TITLE

Antikoagülan Tedaviye Bağlı Farinks Hematomu: Olgu Sunumu

AUTHOR(S)
Kaya, Menşure; Ceylan, Müge; Nesteren Koçak, Sevil; Yıldırım, Özgür; Erdal Eskiçırak, Hamit; Nihal Kadıoğulları, Ayşe
PUB. DATE
September 2012
SOURCE
Journal of the Turkish Anaesthesiology & Intensive Care Society ;Sep/Oct2012, Vol. 40 Issue 5, p287
SOURCE TYPE
Academic Journal
DOC. TYPE
Case Study
ABSTRACT
Hematomas secondary to anticoagulant therapy, inducing upper airway obstruction, are mostly located in the retropharyngeal, sublingual, submandibular and, rarely, laryngeal space. Most are managed conservatively but sometimes endotracheal intubation and emergency tracheotomy are necessary. We report a case of asphyxia due to a pharyngeal hematoma secondary to warfarin use, admitted to the emergency service with cardiopulmonary arrest.
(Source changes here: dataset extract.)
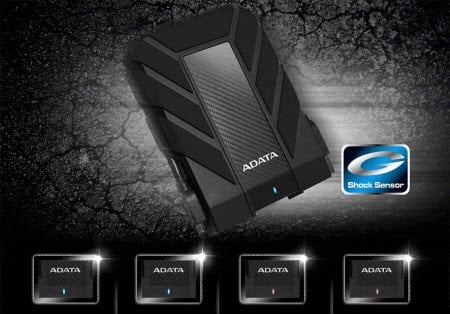 black ADATA HD710 Pro with its LED indicators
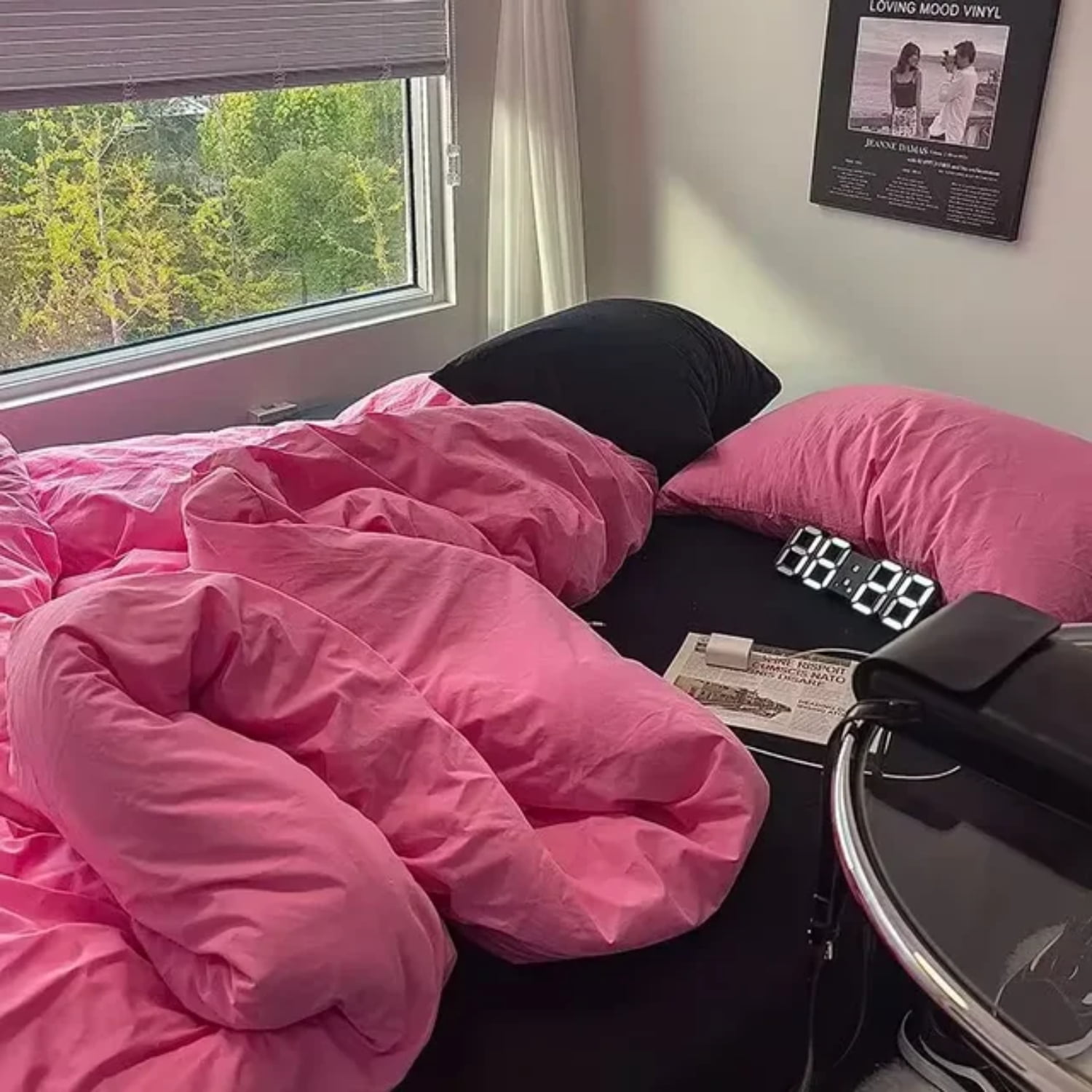 FPWNGL Comfortable Purple Korean Bedding Set with Soft Black Bed Sheet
A 48 year-old woman presented at the emergency service with sore throat and difficulty in swallowing in the morning. After evaluation of the oropharynx, she was referred to the ear-nose throat clinic. However, on the same day, she presented at the emergency service with cardiopulmonary arrest. Direct laryngoscopy revealed a posterior pharyngeal mass or hematoma. Repeated intubation attempts failed. Despite the application of a laryngeal mask, she could not be ventilated and an emergency tracheostomy was performed. In her medical history, it was learned that she was taking warfarin for mitral stenosis. INR values were unmeasurably high. Fresh frozen plasma and vitamin K treatment were started. A computed tomography scan of the neck and cranium revealed extensive cerebral edema and a lesion in the pharynx, not distinguishable between bleeding and tumor and almost completely obstructing the airway. On the second day, her renal function deteriorated and she developed hypernatremia. The patient died due to multiorgan failure on the 5th day. In patients using anticoagulants and presenting with symptoms like sore throat, odynophagia, dysphagia and hoarseness, pharyngeal hematoma should be excluded. Early diagnosis increases the success of conservative treatment and can be life-saving by preventing prolonged airway attempts.